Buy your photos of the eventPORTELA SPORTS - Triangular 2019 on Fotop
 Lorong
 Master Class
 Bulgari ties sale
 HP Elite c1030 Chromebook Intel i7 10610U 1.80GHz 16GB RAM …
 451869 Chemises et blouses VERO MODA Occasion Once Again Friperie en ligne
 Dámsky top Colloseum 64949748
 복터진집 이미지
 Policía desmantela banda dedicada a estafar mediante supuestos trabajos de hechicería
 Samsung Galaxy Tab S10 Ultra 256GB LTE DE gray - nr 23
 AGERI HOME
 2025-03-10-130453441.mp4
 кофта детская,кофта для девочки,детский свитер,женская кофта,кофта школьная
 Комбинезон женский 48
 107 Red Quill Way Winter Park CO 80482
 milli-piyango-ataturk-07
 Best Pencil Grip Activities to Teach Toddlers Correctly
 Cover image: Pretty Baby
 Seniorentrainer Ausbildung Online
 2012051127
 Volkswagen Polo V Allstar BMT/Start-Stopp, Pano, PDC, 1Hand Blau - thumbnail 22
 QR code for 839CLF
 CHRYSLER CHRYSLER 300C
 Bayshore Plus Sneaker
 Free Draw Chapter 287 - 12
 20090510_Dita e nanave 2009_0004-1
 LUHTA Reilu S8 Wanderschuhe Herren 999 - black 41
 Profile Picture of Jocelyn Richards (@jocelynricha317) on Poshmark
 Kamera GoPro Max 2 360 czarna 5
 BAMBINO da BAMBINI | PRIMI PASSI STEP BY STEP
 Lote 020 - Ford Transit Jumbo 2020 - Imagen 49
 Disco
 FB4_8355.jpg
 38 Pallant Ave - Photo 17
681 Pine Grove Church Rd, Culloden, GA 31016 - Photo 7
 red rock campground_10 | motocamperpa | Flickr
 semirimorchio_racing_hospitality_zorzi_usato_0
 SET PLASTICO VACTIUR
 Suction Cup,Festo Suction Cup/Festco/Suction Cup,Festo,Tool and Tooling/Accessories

____

● **Exercise instructions**: For the material above, reproduce exactly the lines from the line with "Best Pencil Grip" to the line with "LUHTA Reilu S8", inclusive, and exclude all others.

● **Answer for the task**:
 Best Pencil Grip Activities to Teach Toddlers Correctly
 Cover image: Pretty Baby
 Seniorentrainer Ausbildung Online
 2012051127
 Volkswagen Polo V Allstar BMT/Start-Stopp, Pano, PDC, 1Hand Blau - thumbnail 22
 QR code for 839CLF
 CHRYSLER CHRYSLER 300C
 Bayshore Plus Sneaker
 Free Draw Chapter 287 - 12
 20090510_Dita e nanave 2009_0004-1
 LUHTA Reilu S8 Wanderschuhe Herren 999 - black 41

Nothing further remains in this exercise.